To the editor:
As a [School] teacher and a religious Jew, I was disturbed to read in the November 4 [Newspaper] that two Lubavitch rabbis had come to classrooms and hallways and led students in Jewish rituals during the holiday of Sukkot. [School] is a public school, funded by the taxpayers of New York, and therefore should not be imposing religion (whether a majority or a minority religion) on any student. America is a place where people of all religions, as well as people of no religion, are able to thrive, precisely because of the separation of church and state codified in the First Amendment. Entanglement between government and religion is harmful to both government and religion.

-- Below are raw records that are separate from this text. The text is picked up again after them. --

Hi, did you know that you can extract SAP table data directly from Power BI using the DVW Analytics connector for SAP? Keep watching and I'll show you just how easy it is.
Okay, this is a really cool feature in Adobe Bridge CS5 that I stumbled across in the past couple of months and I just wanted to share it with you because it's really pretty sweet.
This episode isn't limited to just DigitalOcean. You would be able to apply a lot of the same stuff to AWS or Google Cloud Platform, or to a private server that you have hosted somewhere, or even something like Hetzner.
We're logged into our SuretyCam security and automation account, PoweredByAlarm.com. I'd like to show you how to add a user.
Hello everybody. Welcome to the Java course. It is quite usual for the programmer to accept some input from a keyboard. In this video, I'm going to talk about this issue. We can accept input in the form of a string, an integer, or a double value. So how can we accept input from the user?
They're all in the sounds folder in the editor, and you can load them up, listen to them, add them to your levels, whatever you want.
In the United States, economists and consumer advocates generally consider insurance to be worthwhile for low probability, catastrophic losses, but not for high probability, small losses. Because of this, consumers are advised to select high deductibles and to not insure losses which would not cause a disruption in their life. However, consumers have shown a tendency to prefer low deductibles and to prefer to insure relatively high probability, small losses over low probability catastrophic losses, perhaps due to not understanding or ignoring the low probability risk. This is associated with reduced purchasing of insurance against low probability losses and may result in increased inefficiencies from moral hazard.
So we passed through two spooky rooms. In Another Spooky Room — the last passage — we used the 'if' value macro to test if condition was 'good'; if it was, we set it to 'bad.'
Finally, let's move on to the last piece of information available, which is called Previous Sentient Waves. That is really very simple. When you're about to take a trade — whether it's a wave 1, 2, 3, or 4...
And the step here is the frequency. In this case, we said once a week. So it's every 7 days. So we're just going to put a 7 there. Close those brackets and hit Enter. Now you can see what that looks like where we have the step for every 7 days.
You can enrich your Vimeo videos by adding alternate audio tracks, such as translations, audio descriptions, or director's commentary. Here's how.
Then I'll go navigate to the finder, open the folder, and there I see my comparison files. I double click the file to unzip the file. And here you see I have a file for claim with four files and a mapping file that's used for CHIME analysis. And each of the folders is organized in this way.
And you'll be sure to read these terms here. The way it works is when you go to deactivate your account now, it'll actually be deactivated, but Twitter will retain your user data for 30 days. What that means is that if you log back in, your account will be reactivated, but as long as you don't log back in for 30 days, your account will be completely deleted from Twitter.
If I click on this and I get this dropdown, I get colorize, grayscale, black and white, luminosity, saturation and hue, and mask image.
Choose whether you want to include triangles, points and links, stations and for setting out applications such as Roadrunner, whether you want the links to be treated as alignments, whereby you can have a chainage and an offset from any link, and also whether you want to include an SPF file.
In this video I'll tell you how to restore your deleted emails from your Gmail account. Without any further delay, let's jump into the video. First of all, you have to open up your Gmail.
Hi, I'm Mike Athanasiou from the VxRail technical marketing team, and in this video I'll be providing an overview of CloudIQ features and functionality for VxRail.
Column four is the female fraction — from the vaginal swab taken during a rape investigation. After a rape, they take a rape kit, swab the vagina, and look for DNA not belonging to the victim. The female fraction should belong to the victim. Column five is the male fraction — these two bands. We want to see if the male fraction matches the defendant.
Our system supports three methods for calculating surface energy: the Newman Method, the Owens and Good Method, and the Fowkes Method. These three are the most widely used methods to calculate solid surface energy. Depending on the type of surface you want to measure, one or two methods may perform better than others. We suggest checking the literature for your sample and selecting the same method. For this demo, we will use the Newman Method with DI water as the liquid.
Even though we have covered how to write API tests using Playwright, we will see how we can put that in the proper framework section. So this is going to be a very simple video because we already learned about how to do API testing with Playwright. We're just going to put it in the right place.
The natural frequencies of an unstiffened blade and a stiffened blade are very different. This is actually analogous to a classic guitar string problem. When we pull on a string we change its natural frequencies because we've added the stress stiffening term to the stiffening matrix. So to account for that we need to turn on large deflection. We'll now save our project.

It is true that learning about Sukkot in a Hebrew class can serve a valid educational goal, much like learning about Cinco de Mayo in a Spanish class, since Sukkot has a deep cultural significance alongside its religious significance. However, it seems from the article that cultural education is not all that went on. The Hebrew prayer said over the lulav (palm branch) begins "Blessed are you, our God, ruler of the universe, who has made us holy with your commandments..." This is explicitly religious content, and to dismiss it as merely cultural (and thus acceptable in school) is to demean the religion.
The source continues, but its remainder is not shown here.